Dataset: Begin

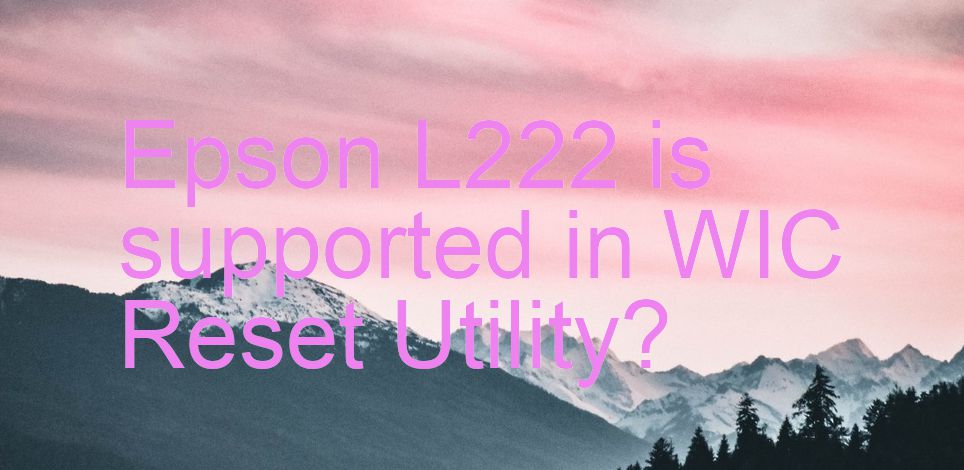 Epson L222 Wicreset Supported Functions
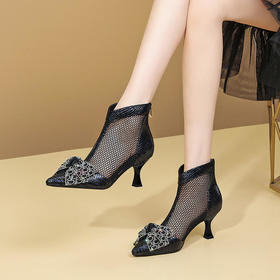 时尚百搭，粗跟中跟马丁短靴镂空网纱凉靴GLS343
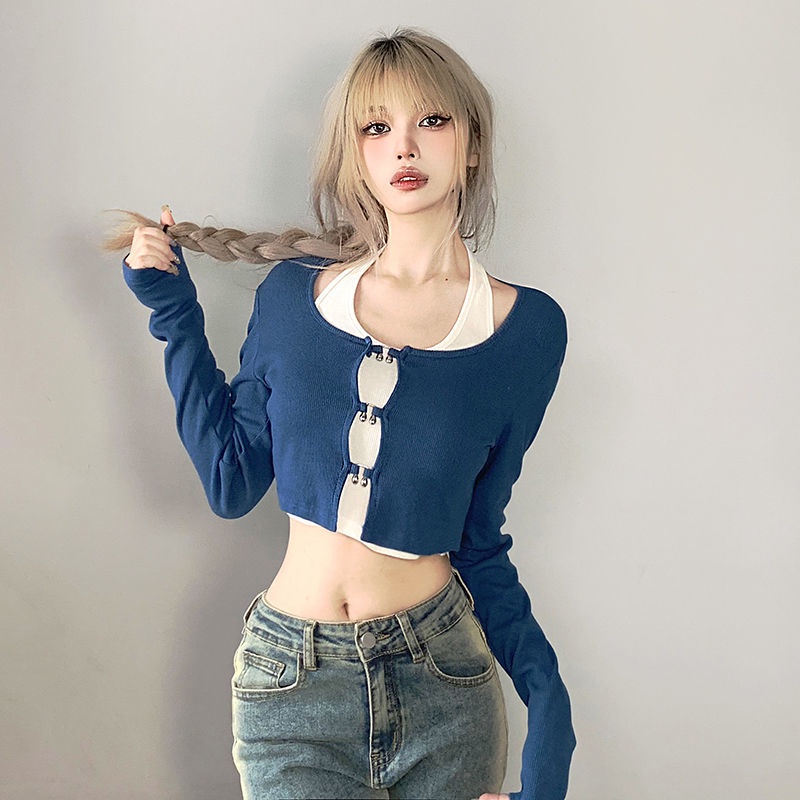 ✆☃Suhao Rapcopter American Hollow Kardigan Rajut T-shirt + Menggantung Leher Rompi Dua Potong Wanita Slim Hot Gadis Pendek top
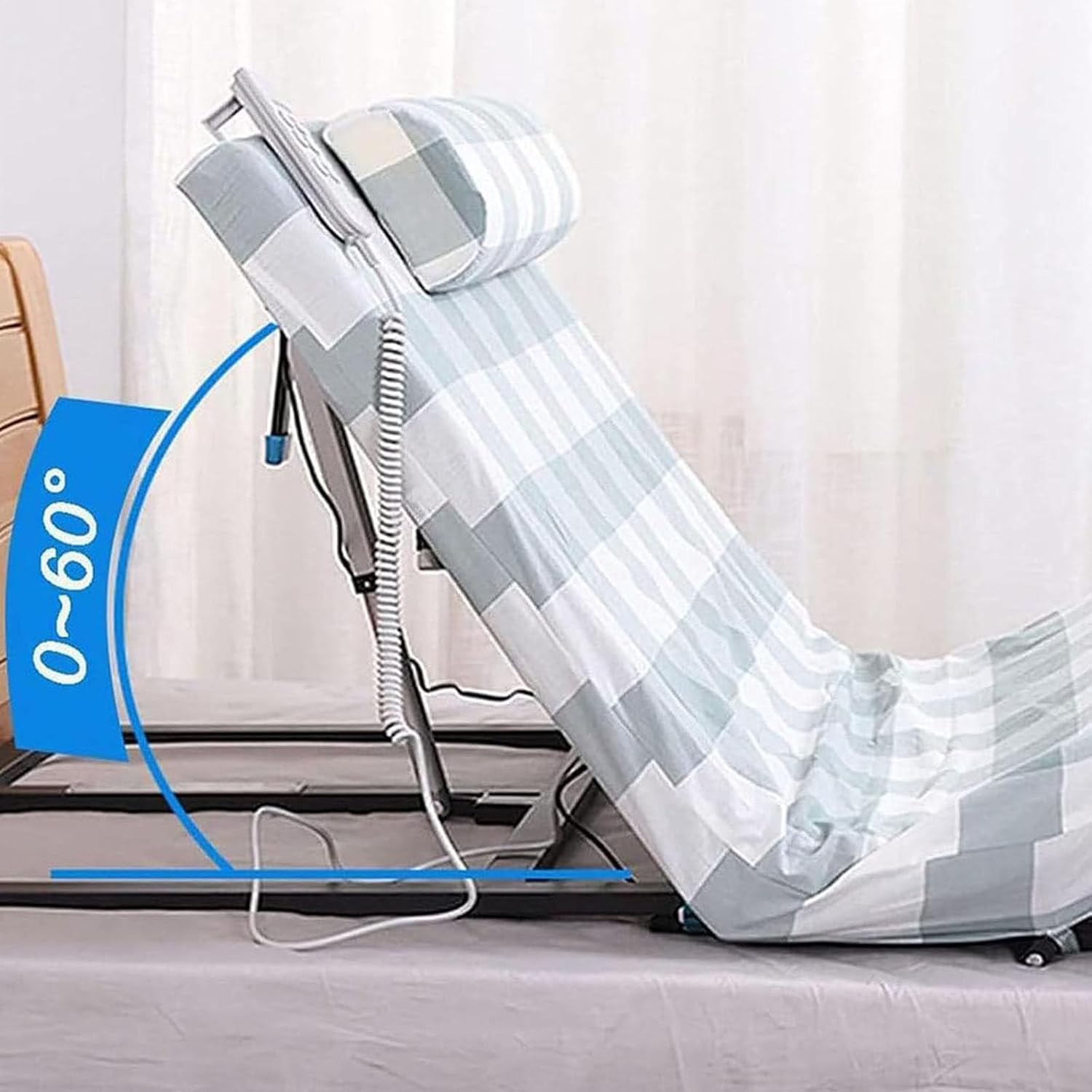 Adjustable Electric Pillow Lifter for Elderly, 0-65° Angle Adjustment, Portable Sit-Up Chair for Neck, Head, and Lumbar Support, Medical Aid Device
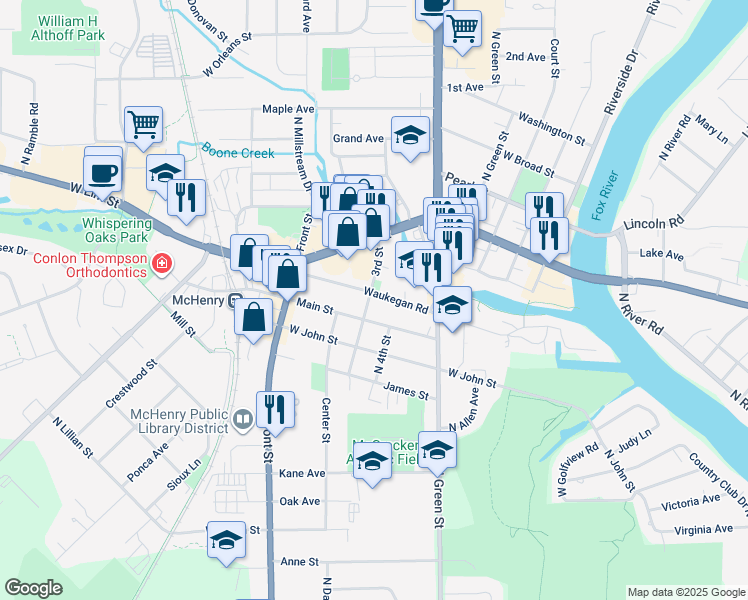 map of restaurants, bars, coffee shops, grocery stores, and more near 1105 3rd Street in McHenry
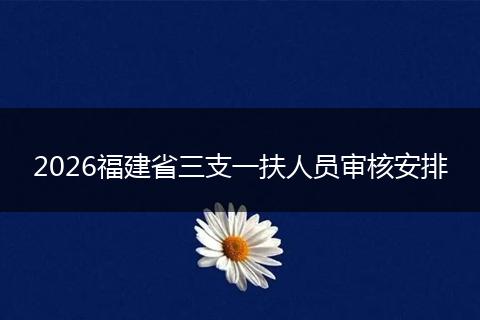 2026福建省三支一扶人员审核安排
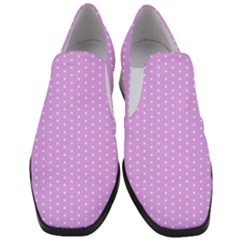 White Polka Dot Pastel Purple Background, pink color vintage dotted pattern Women Slip On Heel Loafers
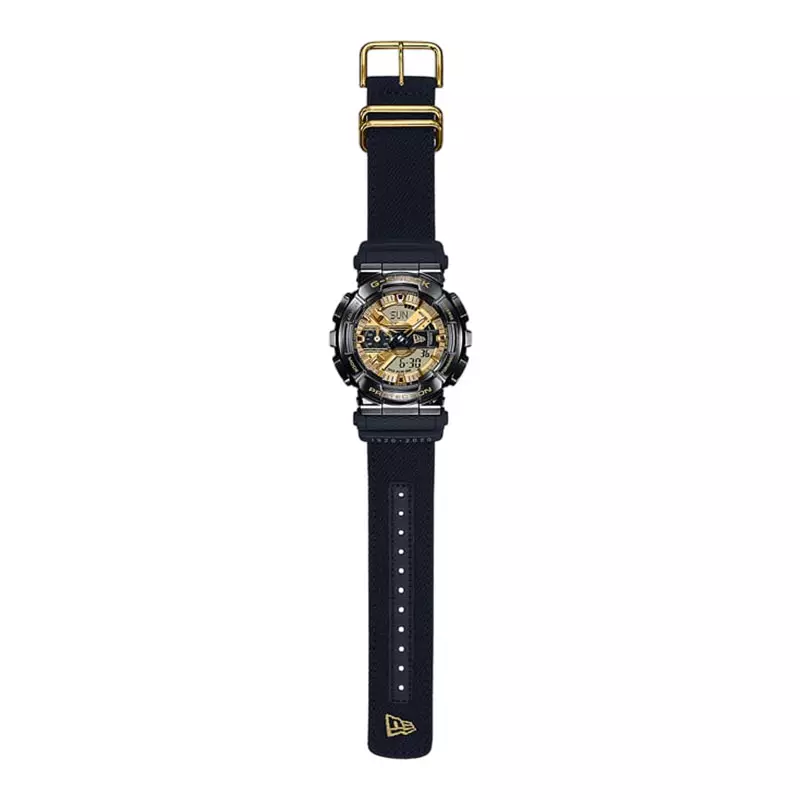 Jam Tangan Pria Casio G-Shock GM-110NE-1ADR New Era Collaboration Digital Analog Dial Cloth Band + Extra Strap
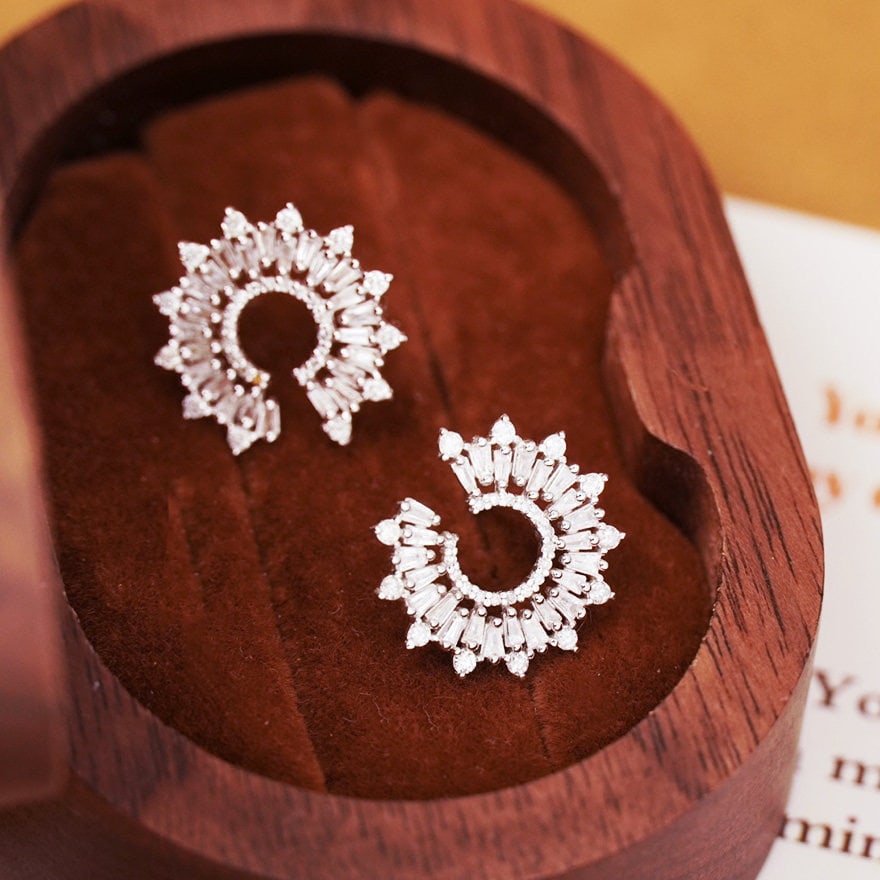 14k Gold 0.9 Ct Natural H Diamond Earrings - 4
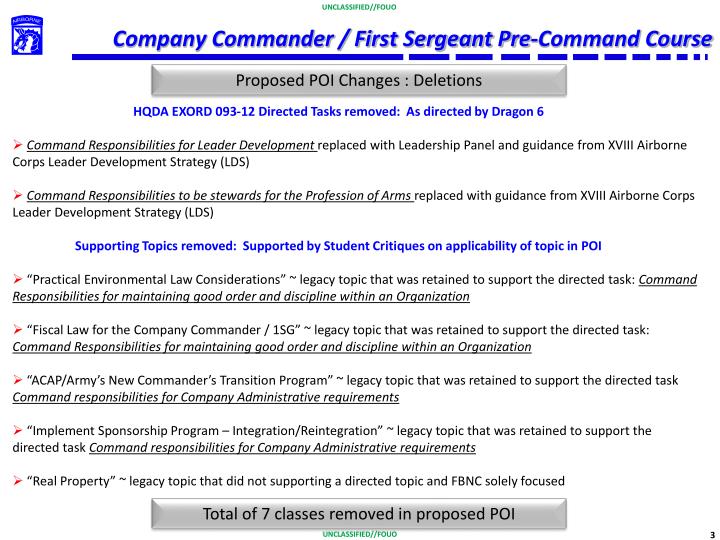 PPT XVIII AIRBORNE CORPS Company Commander / First Sergeant Pre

Dataset: End

* **Task item**
Precisely the lines from the one containing "map of restaurants, bars, coffee" to the end of the data above, both included, should be printed; leave the pictures out.

* **Answer to the problem**
 map of restaurants, bars, coffee shops, grocery stores, and more near 1105 3rd Street in McHenry
 2026福建省三支一扶人员审核安排
 White Polka Dot Pastel Purple Background, pink color vintage dotted pattern Women Slip On Heel Loafers
 Jam Tangan Pria Casio G-Shock GM-110NE-1ADR New Era Collaboration Digital Analog Dial Cloth Band + Extra Strap
 14k Gold 0.9 Ct Natural H Diamond Earrings - 4
 PPT XVIII AIRBORNE CORPS Company Commander / First Sergeant Pre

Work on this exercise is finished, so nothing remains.